Problem —
Output word for word the lines from the one with "Santi Cazorla, Sergi" to the final line of the data, both ends included, but skip the pictures.

Extracted records —
================

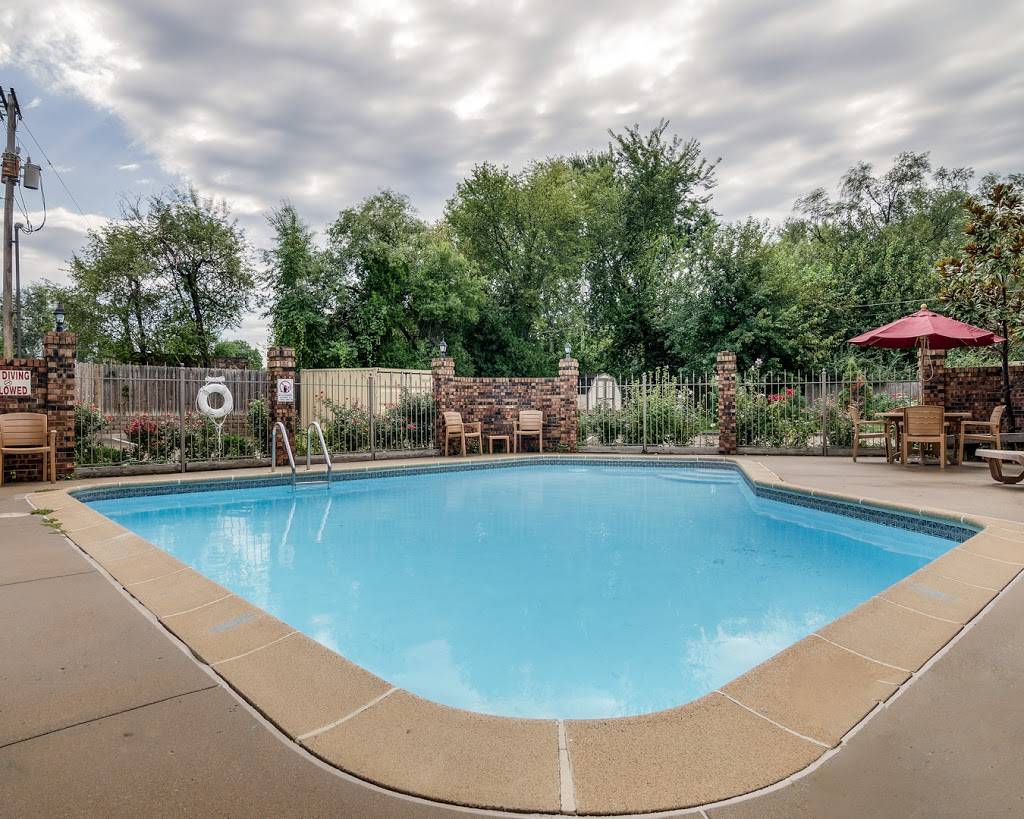 Econo Lodge University | restaurant | 2525 W 6th St, Lawrence, KS 66049, USA | 7858418410 OR +1 785-841-8410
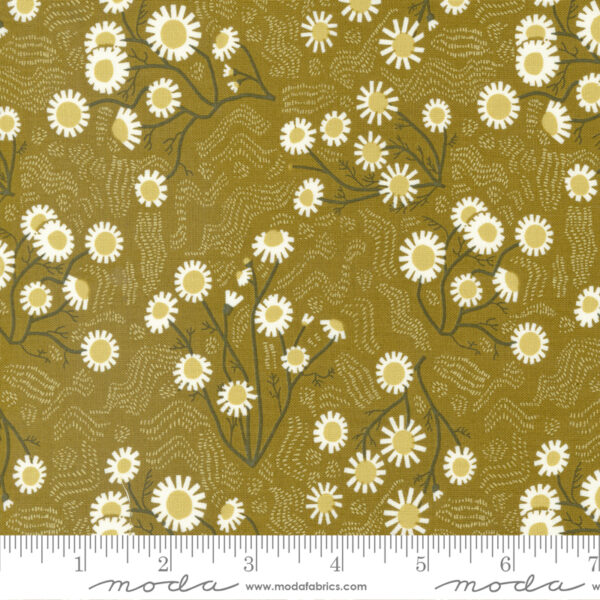 Moda Gingiber Quaint Cottage Chamomile Lichen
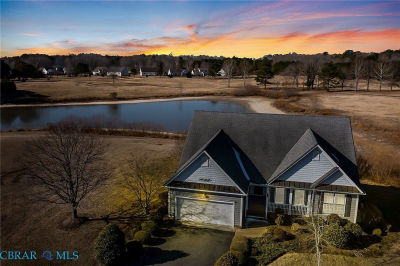 28 Mount Jean S Irvington, VA 22480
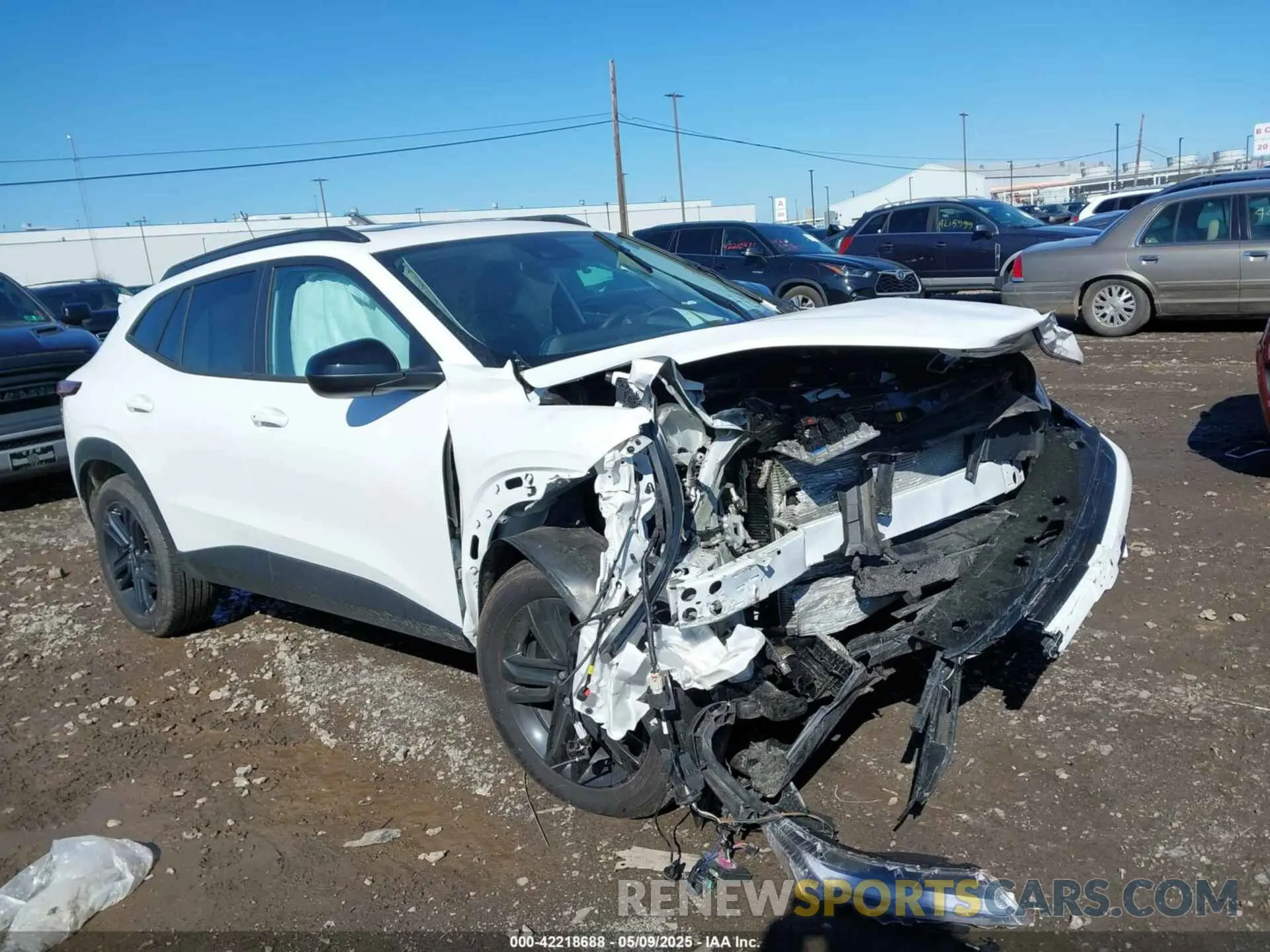 1 Photograph of a damaged car KL77LKEP4SC087116 CHEVROLET TRAX 2025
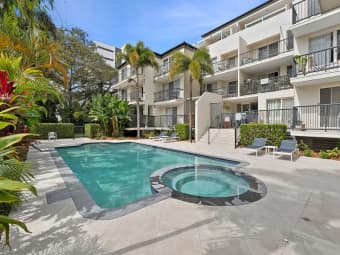 16/3 Sunset Boulevard, Surfers Paradise, QLD, 4217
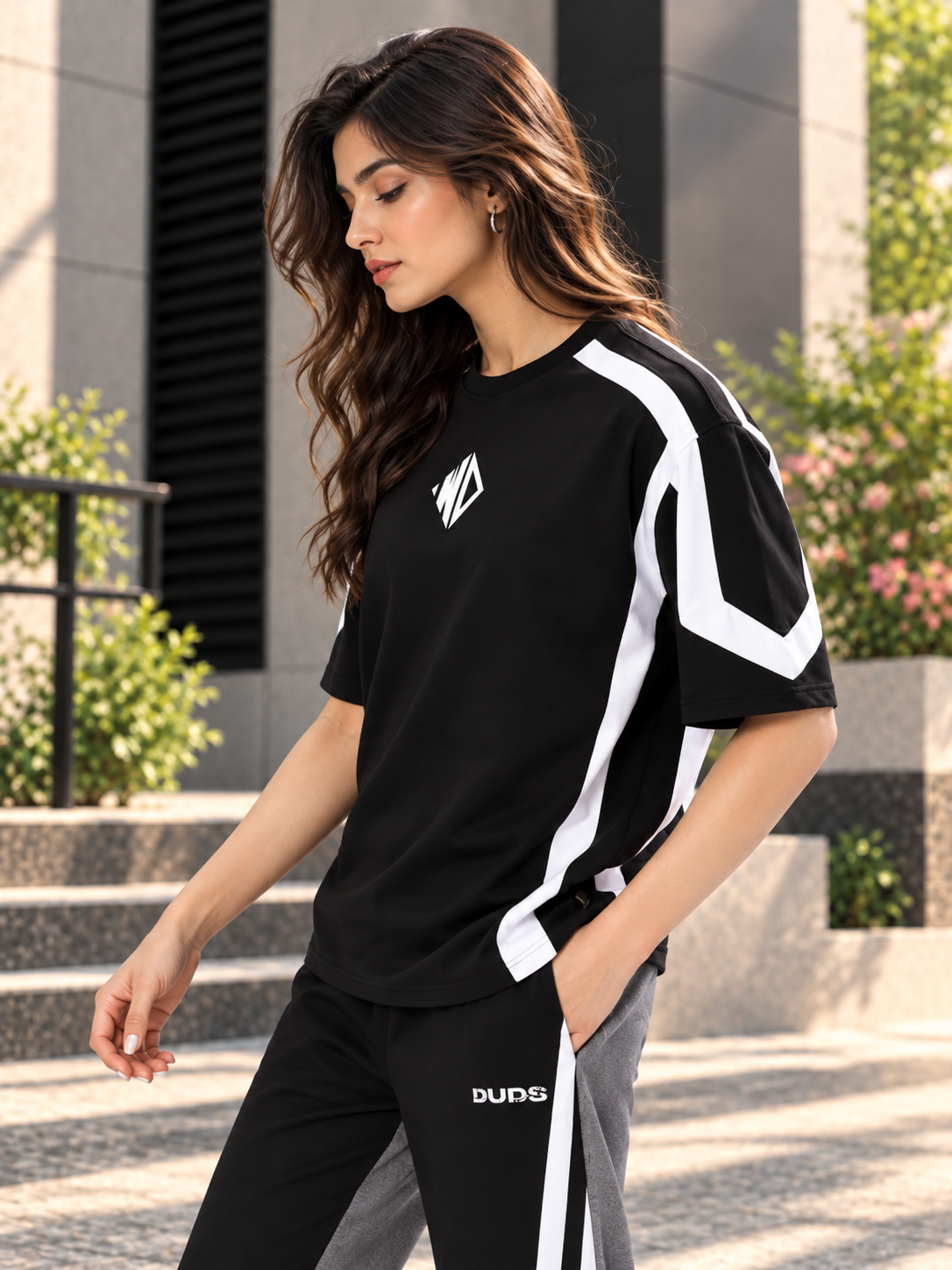 WOMEN RUGBY OVER-SIZED T-SHIRT BLACK WHITE
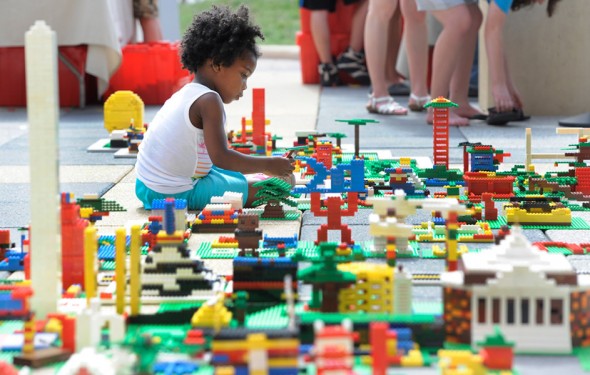 Lego-plastic-bricks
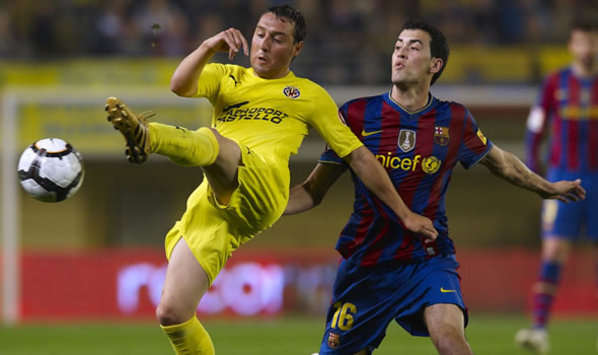 Santi Cazorla, Sergi Busquets, Villarreal, Barcelona (Getty Images)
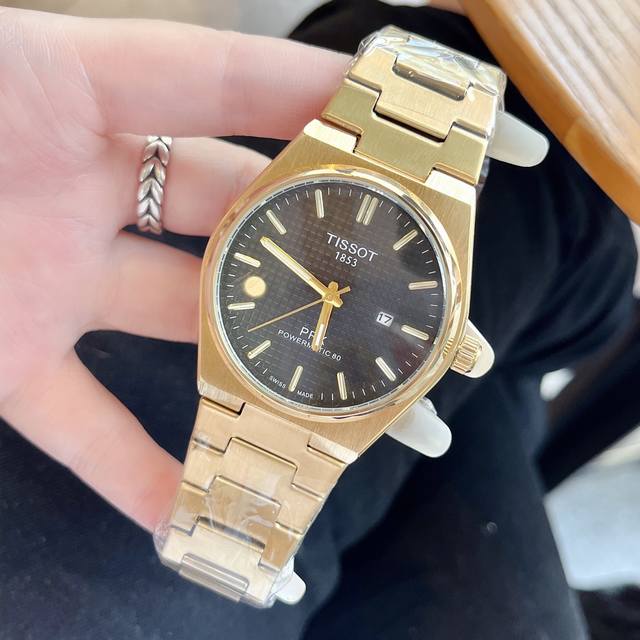 天梭Prx超级玩家最新 机械走时 款式 摩登前卫，玩转新经典。以当代设计栓释经典，垂直拉丝和抛光处理相结合的工艺令全新Prx系列腕表质感更显柔和流线设计，舒适贴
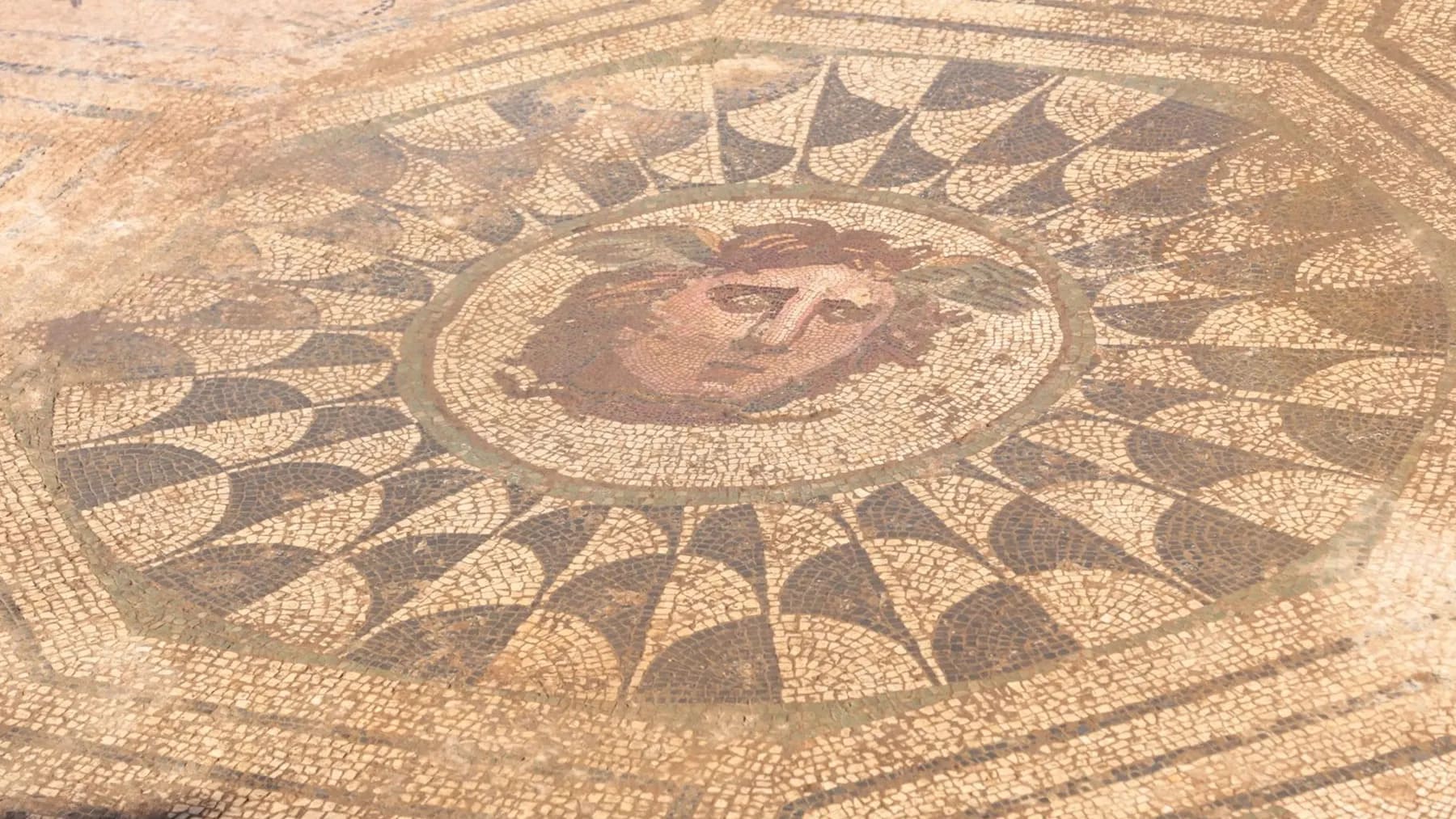 Mosaico de Medusa. Foto: Ayuntamiento de Mérida.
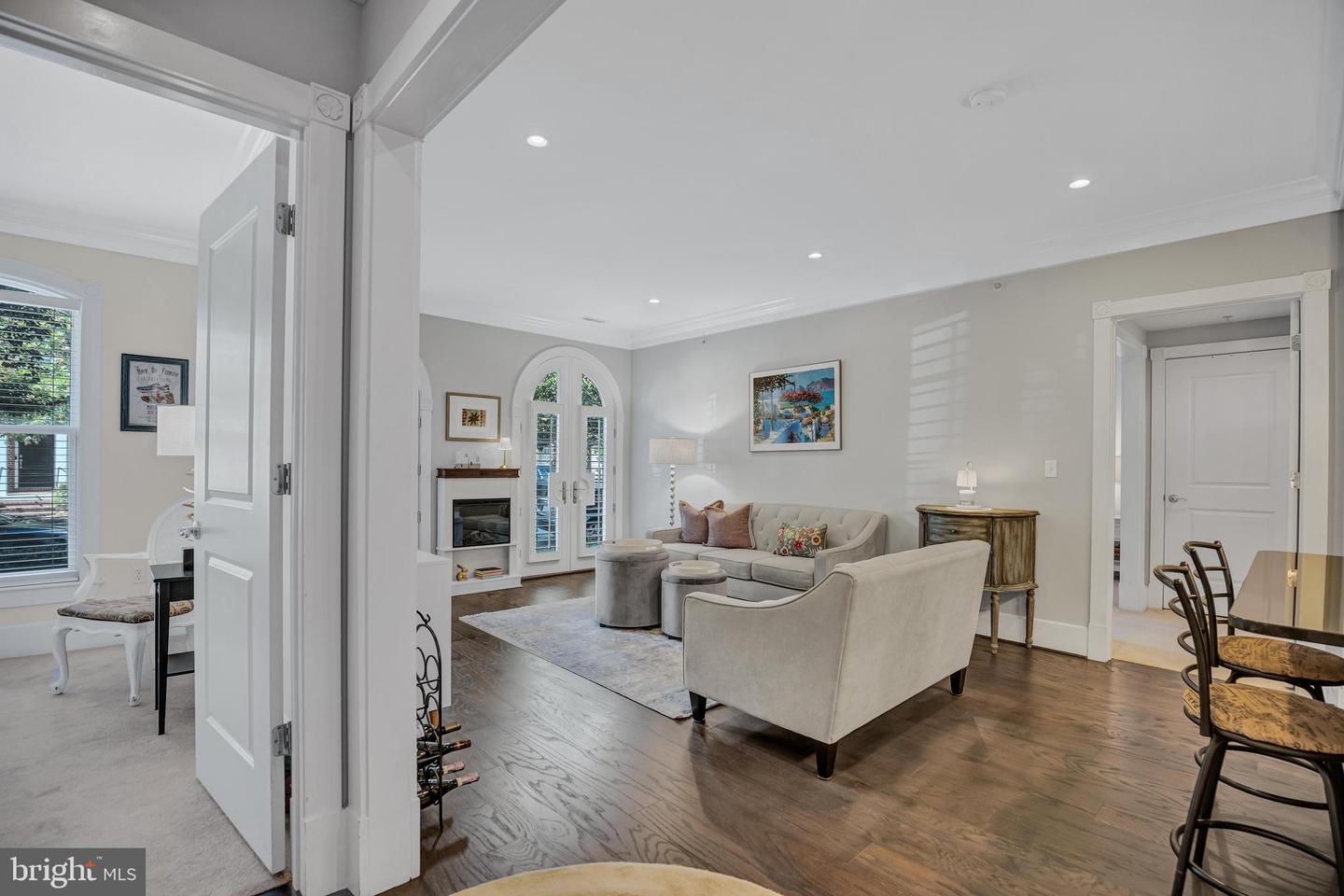 910 POWHATAN ST #104N, ALEXANDRIA, Virginia 22314, 2 Bedrooms Bedrooms, ,2 BathroomsBathrooms,Residential,For sale,910 POWHATAN ST #104N,VAAX2050752 MLS # VAAX2050752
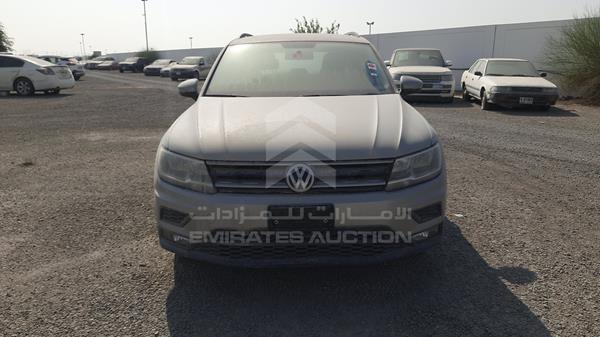 VOLKSWAGEN TIGUAN 2018 wvgae2ax8jw964921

================

Finished exercise —
 Santi Cazorla, Sergi Busquets, Villarreal, Barcelona (Getty Images)
 天梭Prx超级玩家最新 机械走时 款式 摩登前卫，玩转新经典。以当代设计栓释经典，垂直拉丝和抛光处理相结合的工艺令全新Prx系列腕表质感更显柔和流线设计，舒适贴
 Mosaico de Medusa. Foto: Ayuntamiento de Mérida.
 910 POWHATAN ST #104N, ALEXANDRIA, Virginia 22314, 2 Bedrooms Bedrooms, ,2 BathroomsBathrooms,Residential,For sale,910 POWHATAN ST #104N,VAAX2050752 MLS # VAAX2050752
 VOLKSWAGEN TIGUAN 2018 wvgae2ax8jw964921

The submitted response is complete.